Introduction to grounded phonology

   "The approach in Grounded Phonology is modular, in that it presents a theory composed of subtheories, each of which is independently motivated, and the role of each module is to constrain the range of possibilities (of well-formedness)in its domain."

    adapted from Amazon's book description of Grounded phonology 

    Grounding Conditions

    The Grounding Conditions provide a theory of the restrictions on well-formed paradigmatic feature cooccurrence; substantively, the model proposes that languages make use only of implicational relations that are grounded in their phonetic correlates (articulatory or acoustic). Such grounded implications define well-formed feature combinations for specific languages; in languages where the implicational relations do not hold of representations as a whole, these implications may still play a role in restricting the application of specific rules. The interaction of Feature Markedness with the Grounding Conditions accounts for a variety of patterns attested cross-linguistically. 
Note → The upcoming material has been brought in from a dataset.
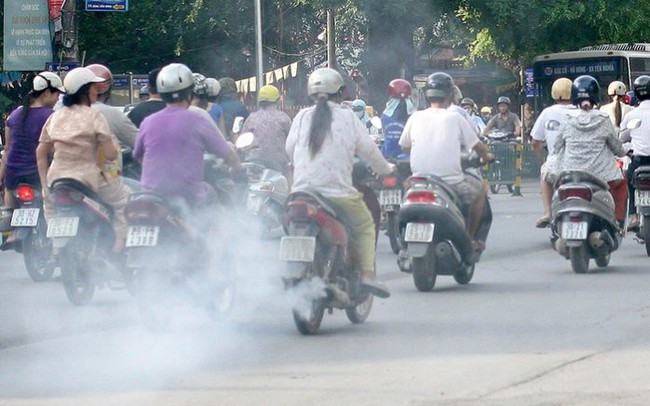 Xe máy không đạt tiêu chuẩn khí thải sẽ bị xử lý ra sao, liệu có được hoạt động?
     Conditions used in natural language directly reflect physical correlates of the F-elements involved. Thus, such conditions are physically grounded. As an example, consider certain physical properties associated with the F-element [+nasal]. On the one hand, velic opening allows air to pass freely through the nasal cavity, resulting in a configuration where there is no appreciable buildup of pressure. This produces a situation amenable to periodic vocal cord vibration. Nasal segments are typically characterized by such modal voicing  in languages of the world. The result is a phonetically based implicational relation between [+nasal] then[-voiced]. Since this implicational condition reflects a physical correlation between  [+nasal] and [-voiced], it is permitted under the Grounding Hypothesis.

Reference

      Archangeli, Diana and Douglas Pulleyblank. Grounded Phonology. MIT Press, 1994.